Much of business today is caught up in managing short-term change that is growing in complexity and challenges across the business world globally. There is growing leadership and employee fatigue in managing rolling crises and not being able to adequately focus on the longer term, have that space to renew and in enough time as ideally liked. Disruption has been a constant at all organisational levels to adapt and adjust to worldwide events totally out of that organization’s control.

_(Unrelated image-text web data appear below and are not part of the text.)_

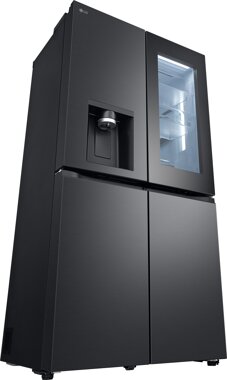 LG GMG960EVJE Side by Side Essence Black Steel - tecedo.de B-Ware LG GMG960EVJE Side by Side Essence Black Steel - tecedo.de B-Ware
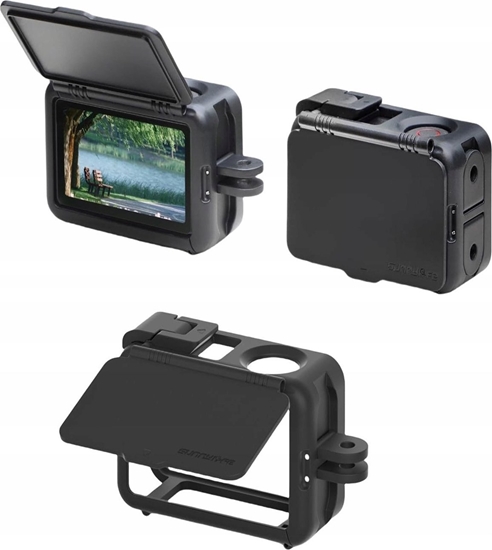 Изображение Ramka Montaowa Obudowa Frame Mount + Osona do DJI OSMO Action 5 PRO / 4 / 3 / BK941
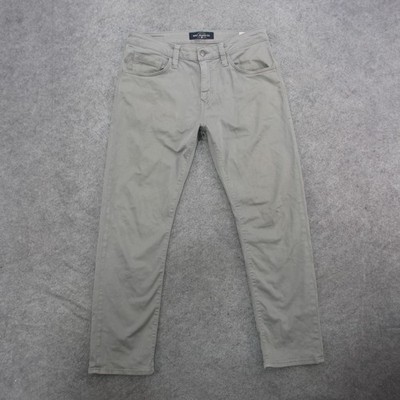 Mavi Jeans Zach Straight Leg Jeans Mens 32x30 Gray Stretch 5-Pocket Casual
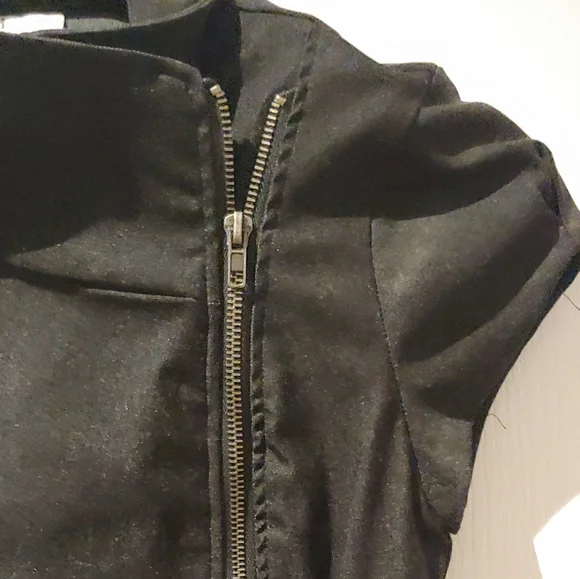 Dynamite Zipper Mini Dress - Picture 3 of 8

Following the pandemic, it has been hard to regain consistency due to staffing discontinuities and displacements, sourcing of raw materials, especially from China, their intermittency in availability and the general disruption of world trade. The war in Ukraine has only added more short-term crises in switching fuels, sourcing difficulties, changing supply chain dynamics, and generally readjusting the business operations in Ukraine and Russia to highly constrained operations or the loss/withdrawal need required by sanctions.

So the challenges in the past year have been highly focused on supply chain disruptions, plugging gaps in technology solutions that can provide solutions that can offer higher flexible, agile and advanced planning and production environments. The continued needs to keep moving towards securing a more sustainable future that reflects the need to become carbon neutral; net zero has needed a far more agile and adaptive approach.

As well as encourages thinking that is building a more robust circular economy to offset the immediate shortages but builds out a waste reduction mentality and recycling approach.

Yet disruption is increasing; we are in a volatile world of constant change.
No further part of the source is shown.